The economic model of the Indian ruling classes relies heavily on the foreign factor while systematically undermining the potential for self-reliant development and domestic economic growth. It is this foreign factor which has now exposed India to such uncertainty and recession. The flight of foreign capital has triggered a stampede in the share market, and Sensex has nosedived from the peak of 20,000 to the 10,000 mark. Even as the once dominant dollar has been badly bruised in the meltdown, the rupee has depreciated sharply vis-à-vis dollar. Textbook economics tells us that such a devaluation of the domestic currency can promote exports but Indian exports are declining in the face of global recession! And export-oriented employment whether in low-paid sectors like textile and gems and jewellery or the ‘lucrative’ BPO backrooms of foreign corporations has already become a direct casualty.

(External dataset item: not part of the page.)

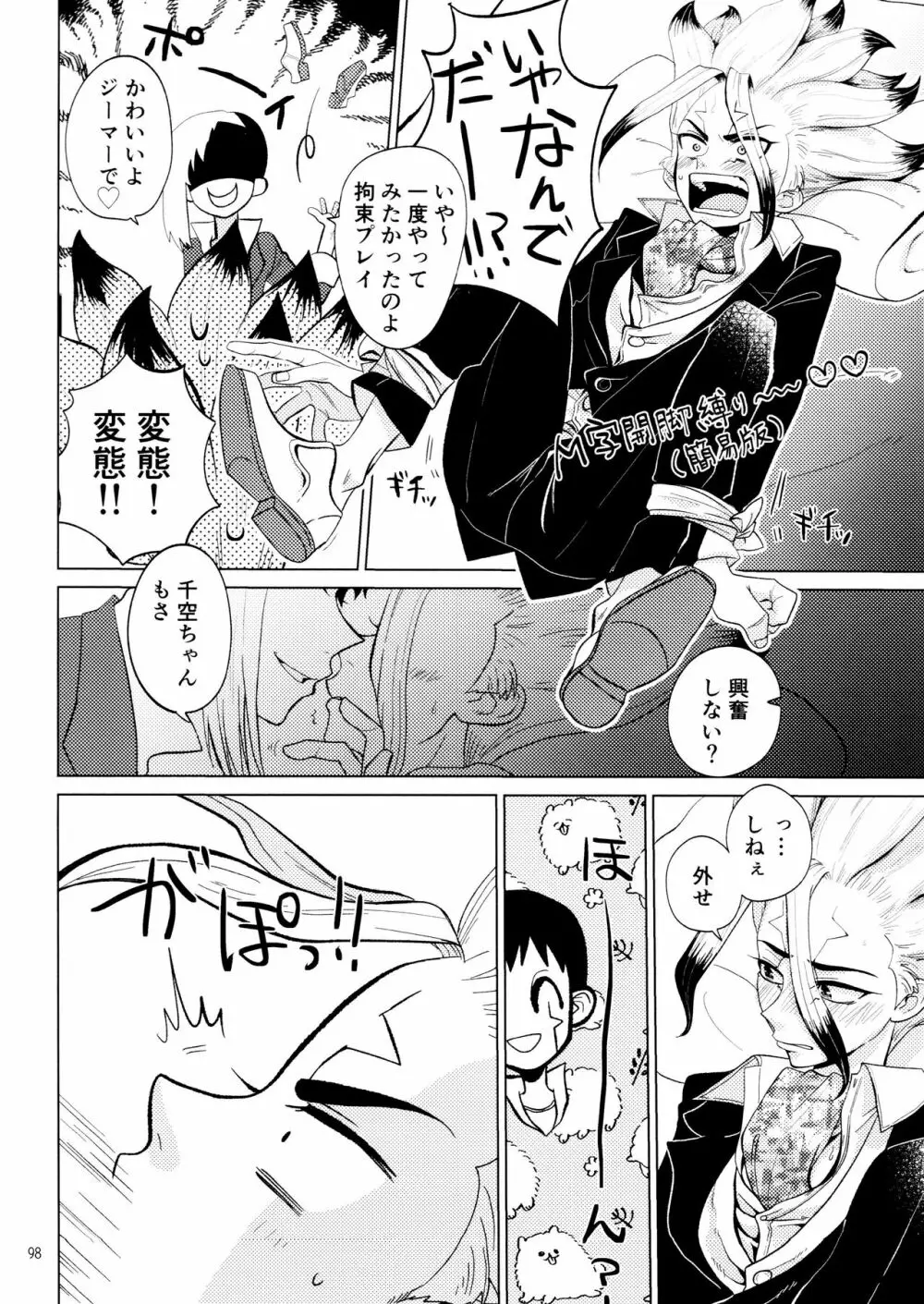 秘密のコフレ【ゲン千性癖アンソロジー】 Page.98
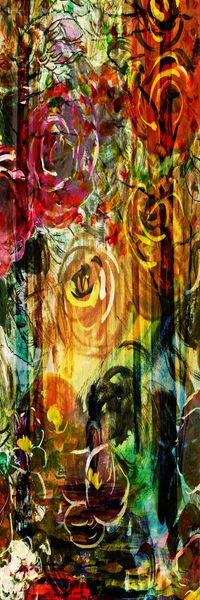 抽象彩图印花华亿平台图片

Yet the crisis-management measures of Team Manmohan revolve around boosting external confidence – FDI cap in insurance sector has been raised to 49% and commerce minister Kamal Nath keeps talking of more sops for foreign capital. This is the surest way of courting disaster and not saving the country from the crisis. The ‘Titanic’ of neo-liberalism and US hegemony is sinking, India must leave this sinking ship and seek safety on the shores of economic self-reliance and foreign policy independence. That of course calls for ousting the Indian compradors from the helm of economic and political power in India.